INFORMATION SHOWN:

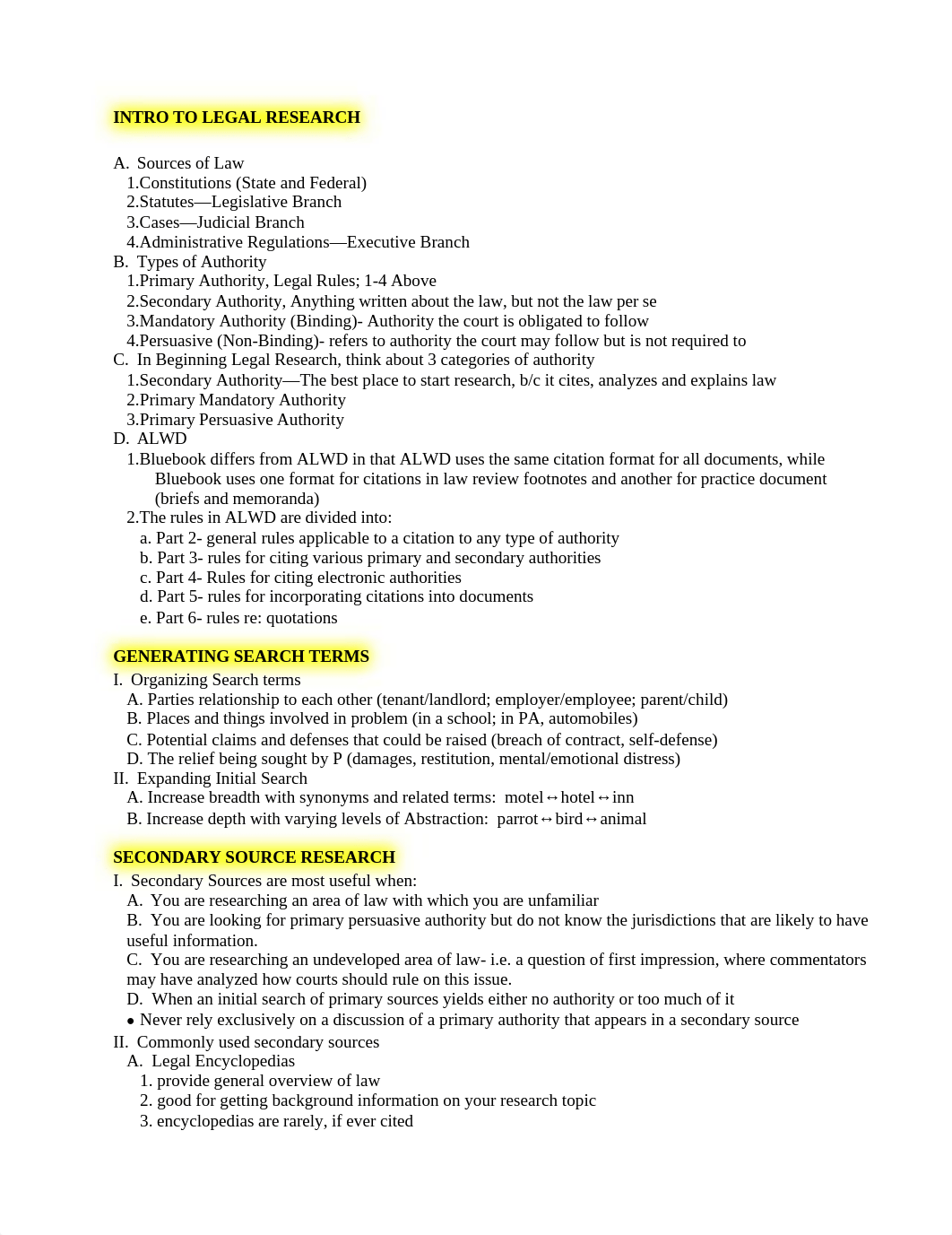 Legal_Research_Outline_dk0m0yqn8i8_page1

...

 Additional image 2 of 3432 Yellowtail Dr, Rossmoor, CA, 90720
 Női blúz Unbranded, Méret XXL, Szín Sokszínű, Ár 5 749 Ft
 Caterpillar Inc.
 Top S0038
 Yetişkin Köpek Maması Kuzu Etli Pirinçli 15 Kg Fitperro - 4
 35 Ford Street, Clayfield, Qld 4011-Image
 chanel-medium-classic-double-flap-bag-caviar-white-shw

TASK STATEMENT: In the listing above, find the line with "Caterpillar Inc." and the line with "chanel-medium-classic-double-flap-bag-caviar-white-shw"; output exactly those lines and all lines between them.

SOLUTION TO THE EXERCISE:
 Caterpillar Inc.
 Top S0038
 Yetişkin Köpek Maması Kuzu Etli Pirinçli 15 Kg Fitperro - 4
 35 Ford Street, Clayfield, Qld 4011-Image
 chanel-medium-classic-double-flap-bag-caviar-white-shw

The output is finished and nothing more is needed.